Every ski catalog, brochure and review includes a smattering of statistics meant to encapsulate some aspect of the subject ski’s behavior. Many, if not most, ski tails likewise sport summaries of design details.
Here at realskiers, we provide the basics: sidecut, radius, weight, available lengths and an icon depicting the rudiments of baseline, and while these stats tell part of the story, they are no more descriptive of the total ski experience than a list of two lips’ dimensions defines what it’s like to kiss them.

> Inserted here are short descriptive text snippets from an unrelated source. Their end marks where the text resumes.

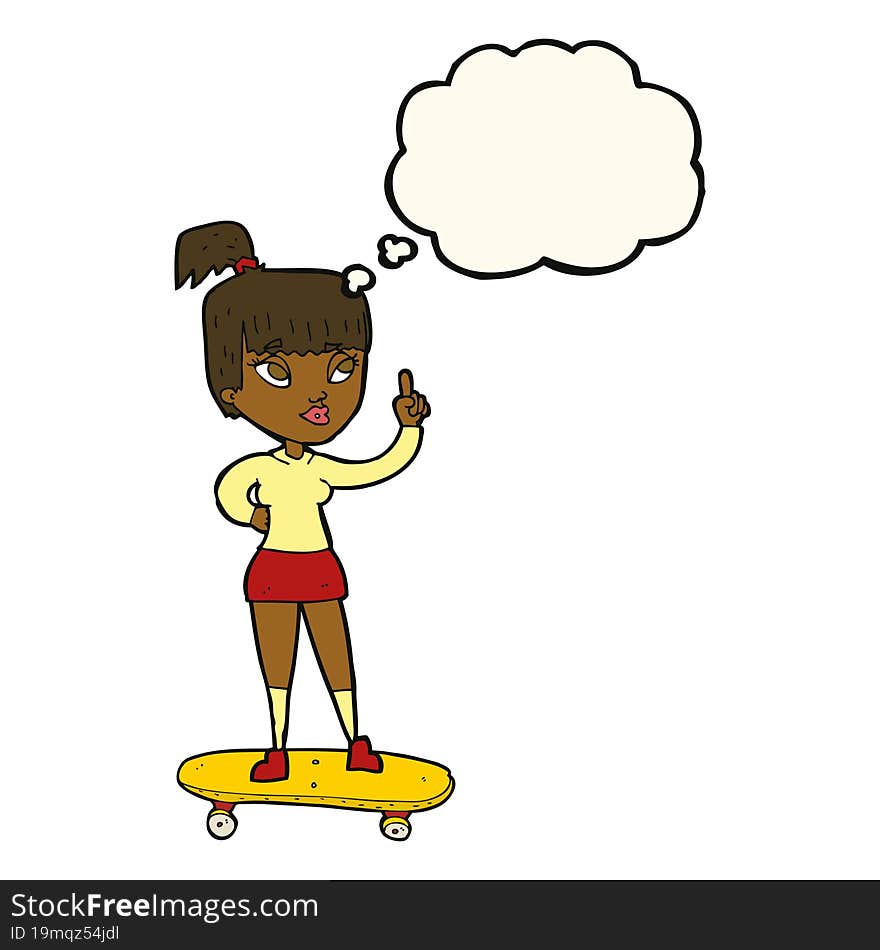 Cartoon Skater Girl With Thought Bubble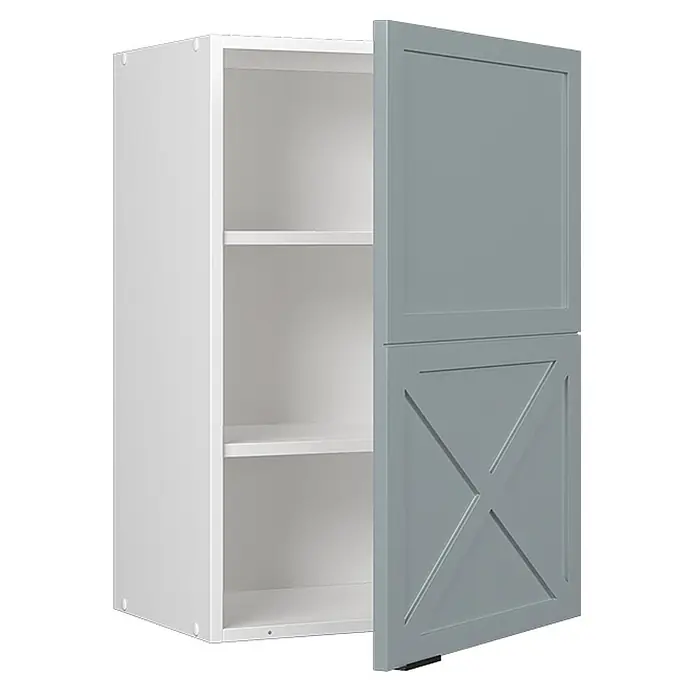 Vicco Schrankküche Fame-Line Hellblau-grau - Hellblau-grau, Hängeschrank 50 cm - Weißer Wandschrank mit zwei Fachböden und teilweise offener grauer Tür. Die Tür hat oben ein glattes und unten ein X-förmiges Paneel.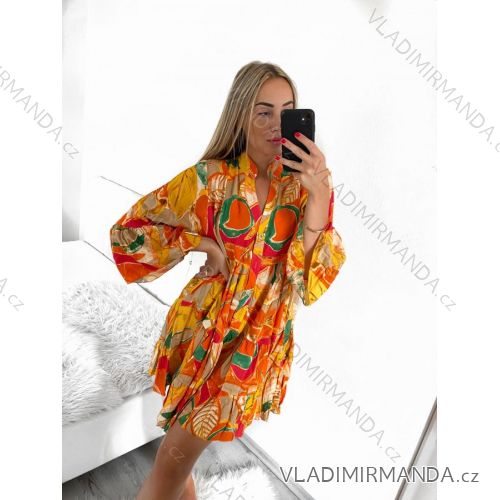 Šaty košilové letní oversize dlouhý rukáv dámské nadrozměr (S/M/L/XL/2XL ONE SIZE) ITALSKá MóDA IM8239802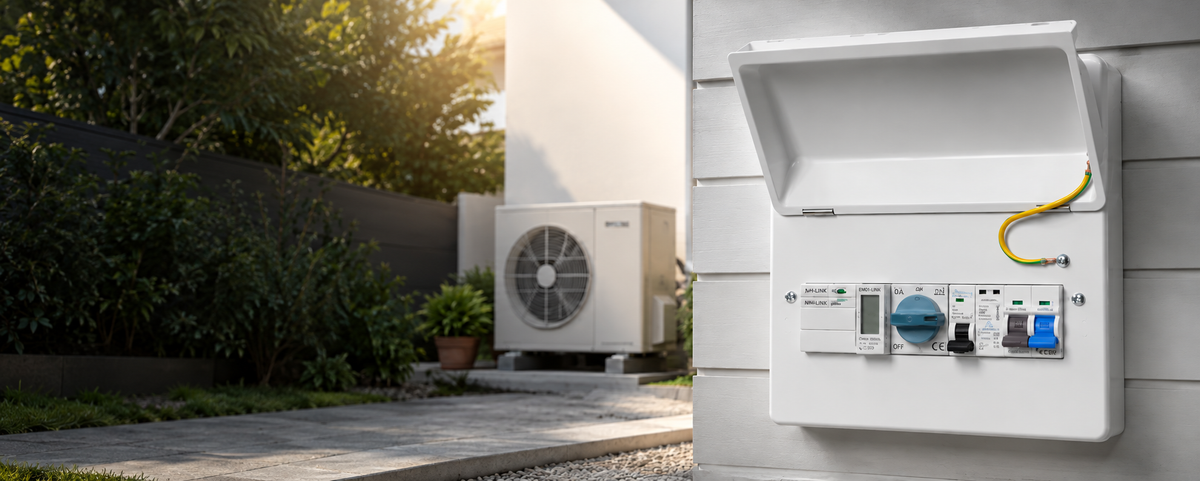 Heat pump consumer unit beside an outdoor installation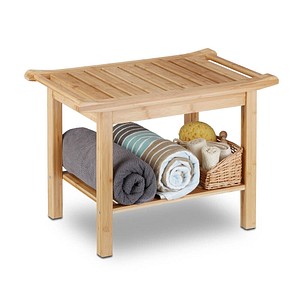 4052025209490 - Badezimmer Bank Bambus Sitzbank Bad Ablage Badhocker Holz HxBxT 45 x 66 x 40 cm Badezimmermöbel natur - Relaxdays 4052025209490 - Badezimmer Bank Bambus Sitzbank Bad Ablage Badhocker Holz HxBxT 45 x 66 x 40 cm Badezimmermöbel natur - Relaxdays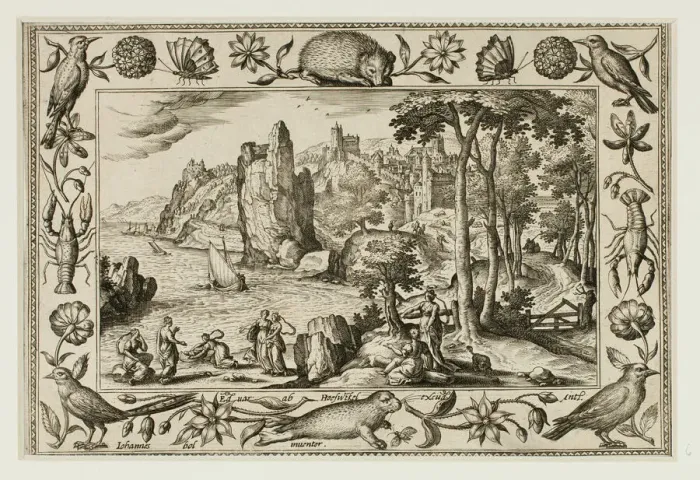 Framed Print : Pharaohs Daughter Finding Moses, from Landscapes with Old and New Testament Scenes Framed Print : Pharaohs Daughter Finding Moses, from Landscapes with Old and New Testament Scenes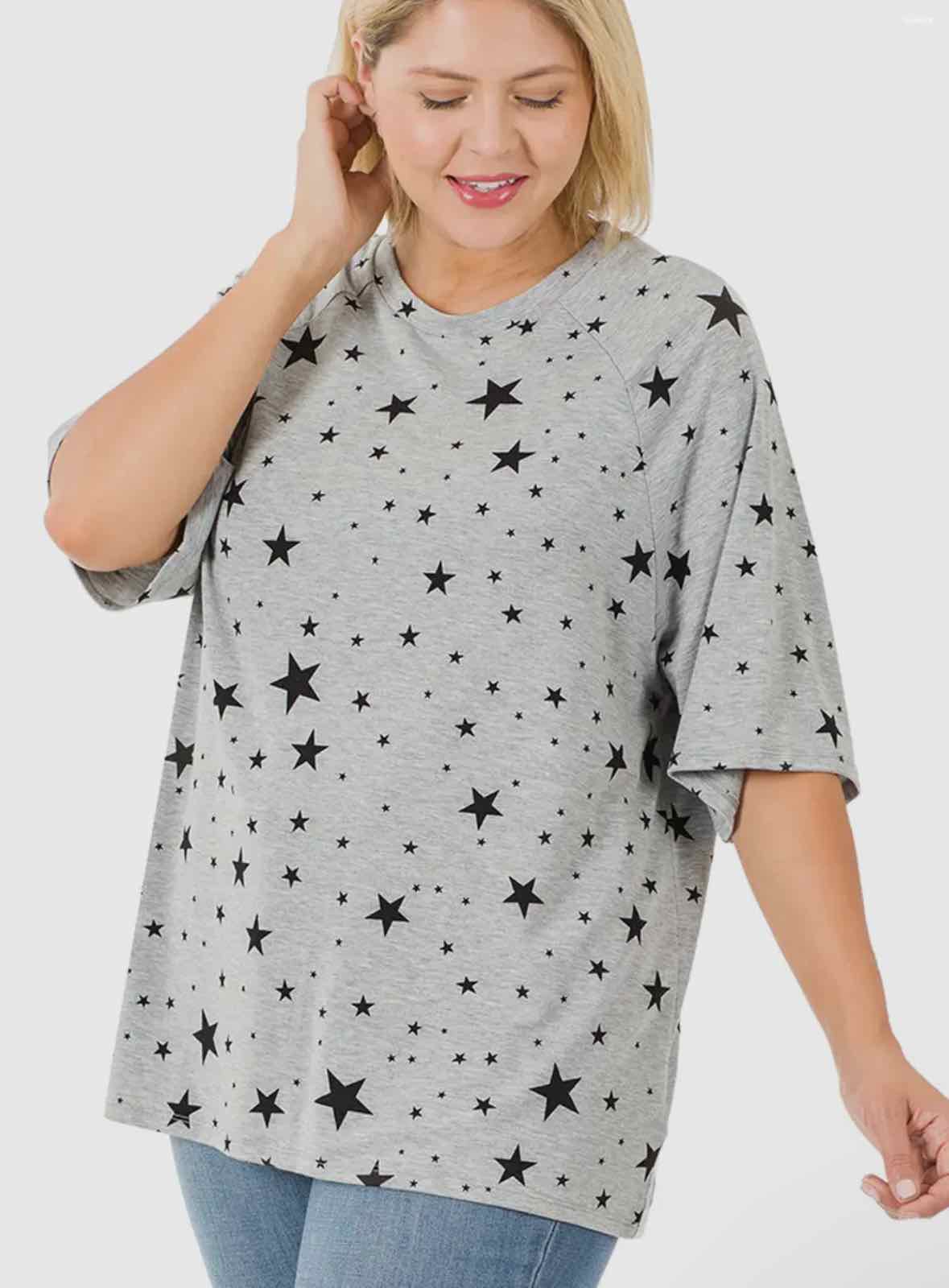 Plus Size Heather Gray 42pops Star Print Raglan Short Sleeve Top - OodlesCB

Nevertheless, the stats are valuable elements of the description; let’s revisit what we can extract from them. When we categorize skis, we focus on waist width as the barometer of behavior, and there are good reasons for doing so, but how that waist behaves depends in part on how wide the tip is in relation both to waist and tail. In other words, it’s not the waist by itself that drives behavior, it’s the total sidecut.
To get a bit more granular, a drop in tip-to-waist dimensions of 50mm’s or more means the ski’s natural turns are buggy-whip quick and its domain is the broad plains of groomers. Something around 35mm of tip-to-waist variance will still be plenty turny when steeply edged, but will ride more smoothly through 3D snow than a more radical shape.

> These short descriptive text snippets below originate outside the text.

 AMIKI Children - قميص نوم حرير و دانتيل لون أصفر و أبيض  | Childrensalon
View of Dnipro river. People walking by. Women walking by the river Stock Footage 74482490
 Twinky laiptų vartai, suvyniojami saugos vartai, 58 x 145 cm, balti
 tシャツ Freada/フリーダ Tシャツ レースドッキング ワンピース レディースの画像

Radius measurement is interesting but not always defining. It’s often called a “turn radius,” but the number should be thought of as “sidecut radius,” or the arc described by the tip/waist/tail dimensions.
The sidecut radius is defined by the ski; the turn radius is whatever shape the skier can extract from it.
Experts generate a variety of turn radii from a single sidecut radius.
The reason radius measurements aren’t infallible predictors of ski behavior is because they don’t account for waist width. It’s possible to have two skis with identical radius measurements but with very different waist widths; one will go edge-to-edge with the speed of a card shark’s fingers, the other will ski like a barge with a deep keel.
Because the actual turn radius a skier achieves is a function of sidecut, pressure and edge angle, skis with a shorter radius measurement are easier to feather into big turns than skis with a long radius can be coaxed into short arcs. But even this caveat can be overridden by other aspects of the ski design, so never assume the radius number is as precisely descriptive as it sounds.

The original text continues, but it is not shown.